Rara airfield’s much-delayed improvement was completed recently just as the road arrived. Although a drop in flights is expected, Rara’s location could make it the gateway for Nepali and foreign tourists visiting the scenic lake.
“Tourism is the way forward for domestic aviation,” Rai told Nepali Times in an interview, “but airlines can only take you there, others need to followup with hotels, trails, tourism facilities.” Rara, for instance, could have direct flights from Pokhara too, but only has a rudimentary lodge with six rooms run by the National Park.
Which must be why Yeti Airlines is getting into the hotel industry, and developing chains of high-end lodges along trekking trails in Khumbu, Kaski and Mustang for premium tourism. With the earthquake fading from memory, and the blockade over there is cautious optimism in the industry about the future.
The other factor negatively impacting on domestic air travel was safety, and the EU’s blacklisting of all Nepali airlines. But even here, there is progress with Yeti Airlines and Tara Air recently getting the ISSA Certification from the IATA. However, even though fixed wing safety has improved, helicopter services are lagging behind.
“Air traffic to remote mountain destinations will pick up if the economy picks up,” explains Rai, “it is the classic gold fish bowl syndrome, the size of the fish is determined by the size of the economy.”
Nepal’s aviation safety record has been appalling with nine crashes involving more than 120 fatalities in the last ten years. The causes were pilot error with the plane hitting mountains in cloud, by overloading, or a combination of weather and mechanical issues.

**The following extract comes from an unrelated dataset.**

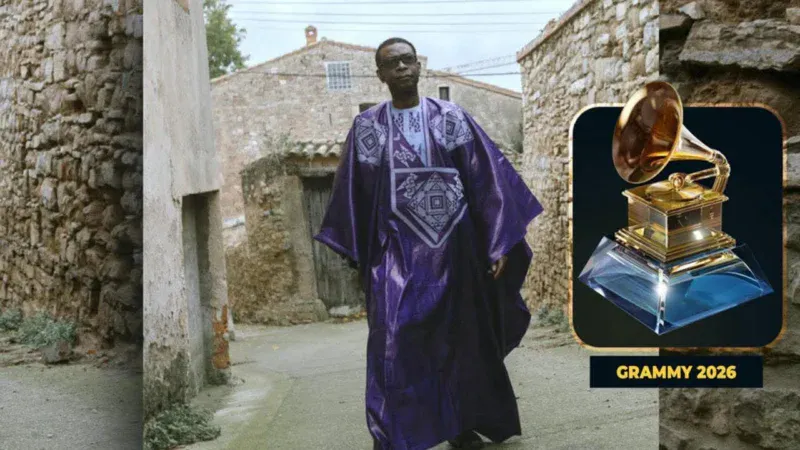Sénégal – Grammy Awards : Youssou Ndour annonce la nomination de son album « Éclairer le monde », une &lsquo;aventure exceptionnelle&rsquo;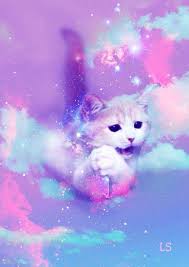 Cosmic Cats Oh My Dior Unicorn Fashion Blog Cute Backgrounds Kawaii Drawings Cat Wallpaper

Air safety investigators have cited lack of terrain awareness due to over-confidence or carelessness on the part of the crew as the reason for most of the crashes. Since some of the crashes were on tourist routes, the European Union blacklisted Nepal’s airlines in 2013, requiring travel agents to inform passengers and raising insurance premiums. The EU Air Safety Committee has kept Nepal on the blacklist despite a marked improvement in aviation safety in the past three years.

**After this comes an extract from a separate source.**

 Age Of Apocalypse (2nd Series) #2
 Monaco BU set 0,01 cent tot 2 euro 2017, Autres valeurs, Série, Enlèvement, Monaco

Last week, Yeti Airlines and Tara Air got the IATA Standard Safety Assessment (ISSA) certification, which is awarded to smaller operators after audits find that they comply with global safety standards.
Yeti’s CEO Umesh Rai credits private airlines and the Civil Aviation Authority of Nepal (CAAN) jointly for making safety their number one priority, and hopes that this will go some way to mitigate the negative publicity.
“This certification was a recognition of our serious effort to improve safety, and can be like a torchbearer for other domestic airlines, and help to improve Nepal’s image,” he said.
One factor pushing airlines to get serious was that insurance premiums had doubled, making it unviable to operate in Nepal. Airlines hope that the ISSA certification will help get Nepal off the EU blacklist, and boost the industry.
Nepal is still in International Civil Aviation Organisation (ICAO) list of countries with ‘significant safety concern’, and audits have shown that airport perimeter barriers, animals on runway, bird activity, and insufficient navigational aids need to be addressed. CAAN’s air traffic controllers are also much stricter than before in closing airfields if wind, visibility or en route weather deteriorate.